I have the smooth on silicone stuff in my soap shack to try mold making with but haven't braved it yet.  So I will be watching this feed!


----------



## glendam (Dec 8, 2020)

I have done the ones with the dishwashing method, did not have an issue with the vinegar smell, though it did take days to go away:

And the ones with the silicone kits from Hobby Lobby:  
And lately with a silicone kit I bought from amazon (for a column embed):

Will be happy to help if you have any questions.  I have also tried the cornstach and silicone method but favor the dishwashing method better.


----------



## TashaBird (Dec 8, 2020)

@glendam of course you have! You make such great stuff! Thank you for the videos YAY!


----------



## TashaBird (Dec 9, 2020)

@glendam with the unicorn, were you able to use the mold again? If so, how did you keep it from leaking?


----------



## glendam (Dec 9, 2020)

TashaBird said:


> @glendam of course you have! You make such great stuff! Thank you for the videos YAY!


You are most welcome!  I will say that the silicone from hardware store and dishwashing method is perhaps the cheapest way if you are making small molds that you won't be using all the time  (They can tear  with use if overstretched).  The stuff from Amazon (or hobby lobby) that makes a very fluid/pourable silicone, is very good but pricey and has a short shelf life.  It needs to be used I believe within 6 months of purchase.  Be mindful of what you make a mold of, bc of copyright stuff if you are going to sell it, but other  than that, have fun!


----------



## glendam (Dec 9, 2020)

TashaBird said:


> @glendam with the unicorn, were you able to use the mold again? If so, how did you keep it from leaking?

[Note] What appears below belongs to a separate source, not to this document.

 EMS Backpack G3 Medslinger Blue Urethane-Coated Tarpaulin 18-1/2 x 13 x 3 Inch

I did use it again, but since I was using it with soap dough, it did not leak.  If I was making it for MP or cold process, I would probably put it in a container of a similar shape so that if there is any leakage it would be contained, it would be tricky though.  I made a mold of a lamb once for MP and to avoid leakage, I did not cut it but made it open at the bottom.  Removing the figure was tricky and that was when I learn molds could tear over time if over stretched!


----------



## earlene (Dec 10, 2020)

I have also made molds with silicone caulking & dish soap.  And I have used the Naphtha + silicone caulking method. Both have a strong odor, but the latter is the worst of the two.  Plus Naphtha is a flammable chemical, so you have to be pretty cautious with it generally.  I have also used the cornstarch + silicone method.  I think it was that one (cornstarch) that became brittle over time.  

My recommendation if you try any these methods is to set up a work space in your garage or better yet, at a picnic table in the back yard.  Even outdoors on a deck is preferable to smelling up your home.  I've done it outside and as long as the weather is good, there the molds stayed to cure.  

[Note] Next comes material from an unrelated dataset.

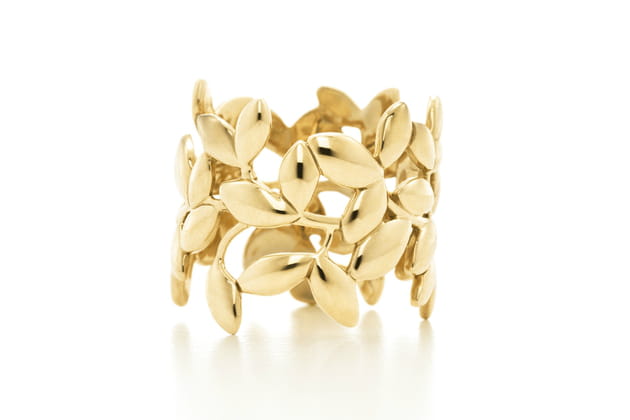 Bague "Feuille d'olivier" de Paloma Picasso pour Tiffany & Co.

As for the odor, the caulking smell is bad enough on it's own, but with cornstarch it eventually wasn't so bad.  The worst one was the Naphtha + silicone mold.  The odor never seemed to go away, but we tossed it eventually anyway, so I can't say how long that one would have taken to dissipate.

But here's a video on that method if you are interested:


When I did it, I used more Naphtha than this guy, and in fact, painted the material onto to the surface, so that is probably part of the reason it was so awful smelling.


----------